In light of this disclosure, Trooper Morris asked to search Lugo's vehicle. (Doc. 20-1 at 2.) Lugo declined, but offered to turn over the marijuana he had in his car. (Doc. 21.) Trooper Morris explained that he intended to search the entire vehicle and would call a canine unit. (Id.) Lugo began to panic. (See id.) He told the trooper he might have a heart attack, and he did not "want to be incriminated for having a little marijuana." (Id.) Lugo again asked the trooper to feel his heartbeat and though the trooper declined, he could see the vein on Lugo's neck pulsating. (Id.) Lugo volunteered the search of his body instead and offered to give up his vape pens. (Id.) While this was going on, Trooper Morris continued to process the paperwork related to the traffic warning. (Id.) As the back and forth continued, Lugo pleaded with the officer not to search his car and expressed his fear that he would have a heart attack. (Id.)

It was at this time that Trooper Morris elected to provide a Miranda warning. As the trooper advised Lugo of his rights, Lugo repeatedly interrupted: "Why am I being arrested?" "What am I being detained for?" Still in the middle of his warning, Trooper Morris clarified that Lugo was being detained for having marijuana but he was not under arrest. When he continued the warning and informed Lugo of his right to counsel, Lugo immediately responded, "I want a lawyer." (Id.)

Trooper Morris once again told Lugo that he was not under arrest and that both he and his passenger were free to leave but that his vehicle was being detained. (Id.) Trooper Morris then asked Lugo how he knew the passenger. From here, things became chaotic. (See id.) Lugo and Trooper Morris both exited the vehicle, the passenger was instructed to leave the truck and apprised of the situation. (Id.) Lugo and the passenger began to argue with Trooper Morris and another officer who had arrived at the scene. (Id.) Lugo expressed his belief that the officers lacked the ability to search his vehicle and that his constitutional rights were being violated. (Id.) Lugo requested the name of the trooper's supervisor and then stated that he would not leave the scene until the supervisor arrived. (Id.) As things began to escalate, Trooper Morris warned Lugo that he could not get into his vehicle and briefly placed him in handcuffs on the assertion that he would arrest Lugo for obstructing justice.
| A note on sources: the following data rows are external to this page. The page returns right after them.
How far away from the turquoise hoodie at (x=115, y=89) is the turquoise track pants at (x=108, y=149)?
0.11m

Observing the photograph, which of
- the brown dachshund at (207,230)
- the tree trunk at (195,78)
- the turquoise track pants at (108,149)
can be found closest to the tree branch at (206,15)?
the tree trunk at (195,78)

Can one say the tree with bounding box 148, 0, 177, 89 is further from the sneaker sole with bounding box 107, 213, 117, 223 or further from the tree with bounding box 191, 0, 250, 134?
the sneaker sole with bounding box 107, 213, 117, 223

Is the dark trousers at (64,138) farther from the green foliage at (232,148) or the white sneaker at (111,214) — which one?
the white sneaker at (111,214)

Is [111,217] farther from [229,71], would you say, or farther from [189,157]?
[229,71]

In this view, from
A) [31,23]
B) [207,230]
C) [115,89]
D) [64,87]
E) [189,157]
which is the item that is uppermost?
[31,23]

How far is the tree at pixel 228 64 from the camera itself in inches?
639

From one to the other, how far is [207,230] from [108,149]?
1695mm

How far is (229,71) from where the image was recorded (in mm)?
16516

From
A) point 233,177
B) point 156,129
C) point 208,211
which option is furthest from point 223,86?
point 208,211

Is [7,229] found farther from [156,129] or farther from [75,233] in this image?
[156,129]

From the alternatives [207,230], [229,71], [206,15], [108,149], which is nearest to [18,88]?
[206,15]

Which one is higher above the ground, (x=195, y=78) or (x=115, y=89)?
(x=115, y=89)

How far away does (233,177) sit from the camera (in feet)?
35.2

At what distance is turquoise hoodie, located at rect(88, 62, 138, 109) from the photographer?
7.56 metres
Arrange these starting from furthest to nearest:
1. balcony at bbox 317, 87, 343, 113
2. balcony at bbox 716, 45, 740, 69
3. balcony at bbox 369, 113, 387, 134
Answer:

When Lugo agreed to calm down and leave the scene, Trooper Morris removed the handcuffs. Sometime thereafter, Lugo and the passenger left the scene and began to walk to town.

After the traffic stop, Trooper Morris towed the vehicle into town, and applied for and received a warrant to search the truck, which lead officers to recover marijuana, cocaine, a digital scale, and a ledger.

LEGAL STANDARD

The proponent of a motion to suppress bears the burden of showing by a preponderance of the evidence that evidence was obtained in violation of his or her constitutional rights. Rakas v. Illinois, 439 U.S. 128, 130 n.1 (1978) (citing Simmons v. United States, 390 U.S. 377, 389-90 (1968)); United States v. Matlock, 415 U.S. 164, 178 n.14 (1974).

DISCUSSION

Lugo argues his Fourth Amendment rights were violated when Trooper Morris ordered him to leave his truck on a mere hunch of criminal activity, and because the trooper lacked probable cause for the prolonged seizure of his vehicle. (Doc. 20 at 10-12.) Lugo additionally argues that the Court should suppress his statements because Lugo was rendered in custody when he was ordered from his truck but was not given a Miranda warning at that time. (Doc. 20 at 12-14.)

Lugo argues that both his Fifth and Sixth Amendment rights were violated during the encounter, however, the Sixth Amendment attaches only when prosecution has commenced. Texas v. Cobb, 532 U.S. 162, 166 (2001). Because the conduct at issue occurred prior to any formal charges, the Court will address Lugo's arguments under the Fifth Amendment.

I. The Fourth Amendment

"The Fourth Amendment prohibits 'unreasonable searches and seizures' by the Government, and its protections extend to brief investigatory stops of persons or vehicles that fall short of traditional arrest." United States v. Arvizu, 534 U.S. 266, 273 (2002). A brief investigatory stop, otherwise referred to as a Terry stop, see Terry v. Ohio, 392 U.S. 1, 9 (1968), complies with the Fourth Amendment where an officer has reasonable suspicion to believe "that the person stopped is, or is about to be, engaged in criminal activity," Arvizu, 534 U.S. at 273 (quoting United States v. Cortez, 449 U.S. 411, 417 (1981)). Reasonable suspicion requires more than a "mere hunch" of criminal activity. Id. at 274.

Lugo does not take issue with Trooper Morris' initial justification to instigate the traffic stop. Rather, he argues that Trooper Morris lacked the reasonable and particularized suspicion necessary to pull Lugo from his vehicle, which he argues is a "discrete constitutional event." (Doc. 20 at 10.) Lugo acknowledges Pennsylvania v. Mimms, 434 U.S. 106, 111 (1977) (per curiam), but seems to argue that officer safety notwithstanding, Trooper Morris acted on a mere hunch of criminal activity when he ordered Lugo from his vehicle.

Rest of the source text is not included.